Hace más de una década, con motivo de un caso expuesto ante la Corte Interamericana de Derechos Humanos, México debió cambiar su Constitución, para adoptar una visión más progresiva de los derechos humanos, eliminar el fuero militar y garantizar acceso efectivo a los mecanismos de administración de justicia.
Nos encontramos en un proceso en el que la Suprema Corte de Justicia deberá determinar cuál es el rango jurídico que debe concederse a los tratados internacionales, en relación con la misma Constitución, por lo que hace a la figura de la prisión preventiva oficiosa a la que se refiere su artículo 19, ampliado durante la administración del presidente López Obrador a casos como el de corrupción en materia electoral.
En el mundo globalizado en el que vivimos, con la aparición de la Inteligencia Artificial, con los mecanismos de transmisión de la información de los que hoy gozamos –en la palma de la mano–, ser reconocido como un Estado incumplido con sus obligaciones internacionales, sujeto de responsabilidad internacional, trae aparejadas consecuencias.
El funcionamiento de la economía de cualquier país está asociado al capital, que hoy más que nunca fluye con mucho mayor rapidez y facilidad que en cualquier otro tiempo.
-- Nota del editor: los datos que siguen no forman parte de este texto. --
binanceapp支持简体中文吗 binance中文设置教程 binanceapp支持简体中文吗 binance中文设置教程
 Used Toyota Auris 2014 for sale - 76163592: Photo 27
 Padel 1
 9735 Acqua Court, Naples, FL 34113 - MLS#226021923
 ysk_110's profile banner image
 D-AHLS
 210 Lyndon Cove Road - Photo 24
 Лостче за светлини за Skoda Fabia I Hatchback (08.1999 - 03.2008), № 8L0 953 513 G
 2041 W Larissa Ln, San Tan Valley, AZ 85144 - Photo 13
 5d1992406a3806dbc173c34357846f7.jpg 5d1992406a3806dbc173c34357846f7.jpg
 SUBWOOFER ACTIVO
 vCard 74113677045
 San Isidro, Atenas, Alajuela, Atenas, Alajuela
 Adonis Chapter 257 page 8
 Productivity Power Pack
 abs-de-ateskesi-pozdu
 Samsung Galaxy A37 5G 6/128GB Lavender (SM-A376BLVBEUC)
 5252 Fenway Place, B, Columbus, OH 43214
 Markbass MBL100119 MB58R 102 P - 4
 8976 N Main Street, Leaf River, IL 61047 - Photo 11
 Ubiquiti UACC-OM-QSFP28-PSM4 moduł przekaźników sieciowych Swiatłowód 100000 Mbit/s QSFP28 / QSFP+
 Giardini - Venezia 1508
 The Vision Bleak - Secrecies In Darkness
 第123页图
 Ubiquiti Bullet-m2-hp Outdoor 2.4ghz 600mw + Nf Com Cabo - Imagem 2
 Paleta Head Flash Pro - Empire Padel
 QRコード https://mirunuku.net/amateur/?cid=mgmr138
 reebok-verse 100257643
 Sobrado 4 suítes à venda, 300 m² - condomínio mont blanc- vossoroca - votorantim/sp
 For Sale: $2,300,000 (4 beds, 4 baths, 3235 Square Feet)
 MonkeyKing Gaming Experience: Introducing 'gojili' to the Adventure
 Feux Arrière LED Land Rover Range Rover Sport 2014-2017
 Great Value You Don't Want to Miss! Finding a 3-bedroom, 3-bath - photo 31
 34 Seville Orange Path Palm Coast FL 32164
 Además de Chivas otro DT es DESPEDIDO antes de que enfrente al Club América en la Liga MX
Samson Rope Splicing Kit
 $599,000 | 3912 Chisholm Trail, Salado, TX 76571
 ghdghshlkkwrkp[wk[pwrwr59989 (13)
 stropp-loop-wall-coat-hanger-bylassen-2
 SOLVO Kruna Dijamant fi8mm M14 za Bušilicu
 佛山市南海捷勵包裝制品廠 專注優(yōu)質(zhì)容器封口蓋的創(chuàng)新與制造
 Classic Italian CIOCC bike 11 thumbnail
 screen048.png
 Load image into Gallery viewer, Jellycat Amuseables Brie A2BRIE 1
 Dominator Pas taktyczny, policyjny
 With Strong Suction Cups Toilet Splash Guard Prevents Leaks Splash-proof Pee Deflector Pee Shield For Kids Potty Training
La afectación al tipo de cambio o al mercado de valores acontece por meras declaraciones del candidato republicano y los riesgos en que se ve situada la renegociación del TMEC se incrementan ante la posibilidad de que México viole los compromisos que con calidades auténticamente obligatorias, firma con sus pares.
La retórica de que la Constitución es la ley suprema de todo el país y por encima de ella no se encuentra nada, ni nadie, sirve mucho para explicar a los estudiantes aquello en lo que en teoría constituye el principio de supremacía constitucional, y nos hace sentir fuertes cada 15 de septiembre que celebramos nuestra independencia. A nivel internacional, sin embargo, los tratados firmados por México dicen lo contrario. Desde la Convención de Viena sobre el Derecho de los Tratados se reconoce que éstos, los tratados internacionales ocupan una posición jerárquica superior con relación a todo el ordenamiento jurídico nacional, incluida nuestra Constitución. Cualquier desacato de nuestros compromisos puede dar lugar al fincamiento de responsabilidades.
El tema de que existan fallos de los tribunales internacionales contra México constituye un tema grave, no sólo como precedente para el país mismo, sino que se inscribe en los anales de la historia, sirviendo como ejemplo y precedente a nivel internacional, de lo que un Estado debe abstenerse de hacer en su relación con el exterior.
Es precisamente a colación con todo lo anterior que viene a cobrar tanta relevancia el derrotero que siguen las iniciativas del Presidente López Obrador en materia Judicial.
La reforma a la Constitución a través de la cual se pretende menguar la autonomía de la Suprema Corte de Justicia y de los jueces, no podrá –lógicamente– señalarse como una reforma inconstitucional, porque acabará por materializarse en la Ley Fundamental misma, pero inequívocamente afectará compromisos internacionales asumidos por México frente al extranjero, incluso, en los tratados internacionales que lo vinculan con más de cuarenta mercados a nivel internacional. El país pondrá en riesgo procesos de integración de los cuales depende la generación de empleo y desarrollo que le han dado sustento a lo largo de los últimos treinta años.
Teniendo el presidente López Obrador un fervoroso deseo de trascender a la historia por su legado, resulta verdaderamente extraño que no haya reparo alguno de su parte en que podría lograrlo, sí, pero en el lado equivocado de sus páginas.
Ante la imparable determinación de su parte, de seguir adelante con el proceso de modificación a la Constitución con cualquiera de las consecuencias que la reforma entrañe, hoy devienen más atendibles que nunca las ideas que algunos ministros aportan para que, incorporándose en la letra chica de los transitorios, se aterrice una reforma que aun terminando con la trayectoria de los ministros en funciones, se permita la continuidad de jueces y magistrados no objetados en su trabajo, en quienes descansa realmente el 99% del trabajo del Poder Judicial de la Federación.
No habrá peor desastre para el país que tener que prescindir, de la noche a la mañana, de tan importante brazo de gobierno. No habrá peor capítulo de nuestra historia, que su desaparición por consigna o, peor aún, por capricho.